The fundamentally impossible but technically possible mega wave (3) option that I have been keeping at the back of my mind seemed to be the most likely option now. From close to near zero probability in March, I even find it radiculous to mention about this possible wave count at that time, its probability slowly increase with the injection of more money by every nations.
The US has its unlimited QE programme (unlimited money printing). European Union latest 750 billion euro stimulus plan came out last week. In May the Japanese Government approved a fresh 31.9 trillion yen budget to fund the proposed 117 trillion yen economic stimulus programme. The Chinese fiscal stimulus package is worth 3.6 trillion yuen (US$506 billion). With so much money flowing around, where can they go? They cannot be left idle in the banking system.
Dow was having its sub-wave ii correction in the last few days. By next week if Dow can move above the 27,005 level, I can safely forget about the super wave VIII correction that I have been mentioning all this while since the March's bottom of 18,213.
Dow took 11 years from March 2009's low of 6,469 to February 2020's high of 29,568 to complete its mega wave (1) with a gain of 357%. Since, in general, wave 3 cannot be shorter than wave 1, technically the mega wave (3) needs to go up by at least 357% from its mega wave (2)'s low of 18,213 level within the next 10 to 12 years. A 357% gain will theoretically put mega wave (3) to at least 65,000 level !!!

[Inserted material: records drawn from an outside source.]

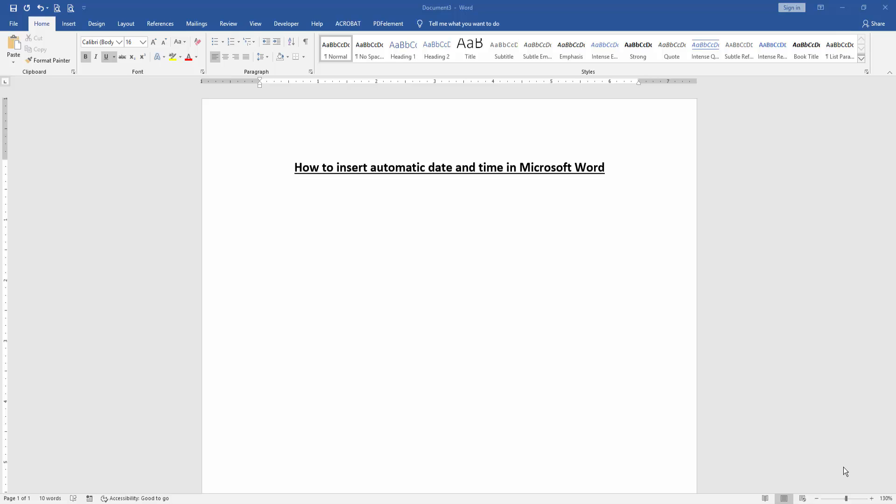In this video, I am going to show you how to insert automatic date and time in Microsoft Word. Let's get started.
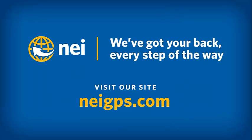This concludes today's technique session. Please visit NEIGPS.com for more videos, FAQs, and information on upcoming trainings. Thank you and have a great day.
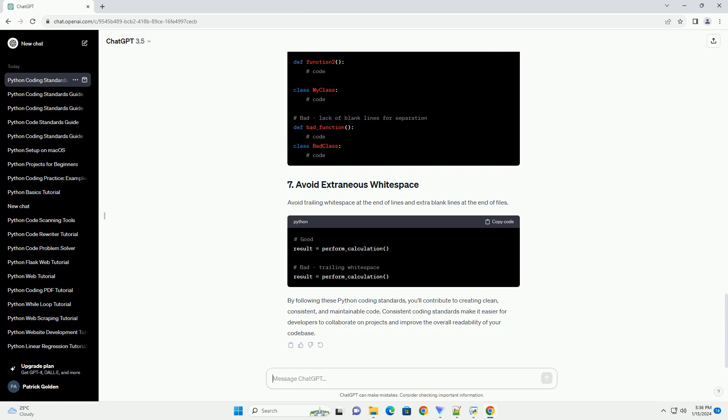Use blank lines to separate functions, classes, and blocks of code inside functions to improve readability.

Back to the Dow current situation, it closed Friday session gaining 114 points to 26,428. Until Dow is able to move above the 27,005 level, another about 600 points to go, or 2.3% to go, I still cannot knock out the super wave VIII option on paper.
However as early as mid-May 2020, a famous Malaysian finance blogger, Salvador Dali, in his article 'The Market's Disconnect to the Real Economy and the Glove Factor' (click for the full article) published on June 6 in his Malaysia-Finance Blog, he mentioned that he turned bullish on 18 May because of reasons mentioned in his article.
Basically he compared the Covid-19 downturn to that of the '1930's Great Depression' and the '1998 Asian Financial Crisis' economic collapse due to bubblelicious financial extravagance. The current pandemic struck hard and fast with escalating death figure that triggered 'social distancing,' 'lock down', and near zero physical social activities and business activities (except on-line business). With the amount of money injecting into the market through various stimulus packages, with fund managers holding US$591 billion waiting at the sideline, with dismal interest rate, it appeared possible that the bull is ready to run until someday we have reached the stage of 'irrational exuberance' as mentioned by Alan Greenspan during the dot.com bubble in the late 1990's where the Nasdaq Composite fell by 78%.